1. How do I correctly weight community-level independent variables? I tried to create community-level weighted means for average percentage of women working in a community, average decision making index value, and percentage in community accepting of any domestic violence justification scenarios (with participant's own values excluded). However, I'm not sure how to approach the weights in regressions where both the community and individual level independent variables are included.

foreach var of varlist works dm_sum dvaccept_any{

gen `var'_w = `var'*wgt if !missing(`var') & nocomm == 0

bys v001: gen `var'_agg_w = sum(`var'_w) if nocomm == 0

gen `var'_comm_w = (`var'_agg_w - `var'_w)/(clustersz - 1) if nocomm == 0

}

Furthermore, the number of respondents in each community is only 5-10. What is the best way to test if we are too underpowered to make any statements about the significance of the relationship?

2. If we choose to include men's community-level variables as well, how would that be weighted?

Thank you!]]>

I'm not sure there is a "right" answer here, although surely some wrong ones. I'll give a couple of thoughts:

1 - a weight is just a person's probability of selection (re-scaled in a DHS-manner, but still basically a probability weight). This does not vary by community, because there is random sampling within a cluster. So everyone in each PSU will have the same weight, and so you can just use the individual weights.

2 - Even adding in information from the Men, if the unit of analysis is still the individual woman you would want the women's weights.

3 - if you are trying to estimate "causal effects" of the community level variables, and you think those relationships are independent of the criteria used for sampling villages (so that, say, all women respond the same to a 1sd change in their "decision making" then you don't need to weight. Weighting buys you population-level mean estimates, but if there are "constant treatment effects" regardless of covariates, you may not need to weight*.

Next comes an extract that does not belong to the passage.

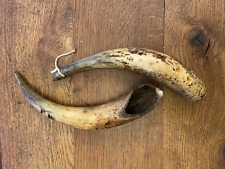 Antique cows horns for sale  STRATFORD-UPON-AVON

4 - cluster-level measurements are based on too few observations to be meaningful in and of themselves - as you say, there are wildly under-powered. A couple of things you could do: a) by averaging over many clusters, you can still get good estimates of community level variables, but each individual cluster-level point-estimate would be very, very noisy. But they may still mostly "agree" in some sense; b) so if in your hierarchical model you allow each cluster an unconstrained cluster-specific effect (like treating each cluster as a mini-experiment), you could look at those individual point-estimates on a scatter plot (say Beta across some variable you think would affect Beta); c) and then you could start restricting those Betas to have some particular distribution (a random slope model) and see how that changes your overall point estimate as you make your priors on the distribution of Beta more/less informative. I think this makes sense as a kind of model-checking or informal/additional inference procedure. A leave-one-out cross-validation approach might make sense too, depending on how you end up thinking about each of these within-cluster estimates.

I hope something there helped.]]>